| Your whole argument falls apart at > We don't understand how they work, because we didn't build them. They built themselves. We do understand how they work, we did build them.
The mathematical foundation of these models are sound. The statistics behind them are well understood. What we don’t exactly know is which parameters correspond to what results as it’s different across models. We work backwards to see which parts of the network seem to relate to what outcomes. > When they get better at drawing, it isn't because we taught them to draw. When they get better at reasoning, it isn't because the engineers were better philosophers. Isn’t this the exact opposite of reality? They get better at drawing because we improve their datasets, topologies, and their training methods and in doing so, teach them to draw. They get better at reasoning because the engineers and data scientists building training sets do get better at philosophy. They study what reasoning is and apply those learnings to the datasets and training methods. That’s how CoT came about early on. |
We don't understand how they work in the sense that we can't extract the algorithms they're using to accomplish the interesting/valuable "intellectual" labor they're doing. i.e. we cannot take GPT-4 and write human-legible code that faithfully represents the "heavy lifting" GPT-4 does when it writes code (or pick any other task you might ask it to do).
That inability makes it difficult to reliably predict when they'll fail, how to improve them in specific ways, etc.
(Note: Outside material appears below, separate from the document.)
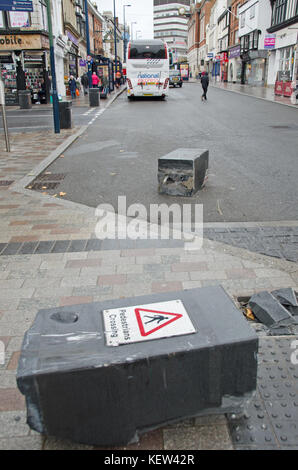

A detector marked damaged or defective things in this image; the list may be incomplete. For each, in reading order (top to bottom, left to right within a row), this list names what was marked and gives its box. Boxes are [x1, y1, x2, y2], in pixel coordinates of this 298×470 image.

damaged bollard base [157, 149, 208, 196]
The only way in which we "understand" them is that we understand the training process which created them (and even that's limited to reproducible open-source models), which is about as accurate as saying that we "understand" human cognition because we know about evolution. In reality, we understand very little about human cognition, certainly not enough to reliably reproduce it in silico or intervene on it without a bunch of very expensive (and failure-prone) trial-and-error.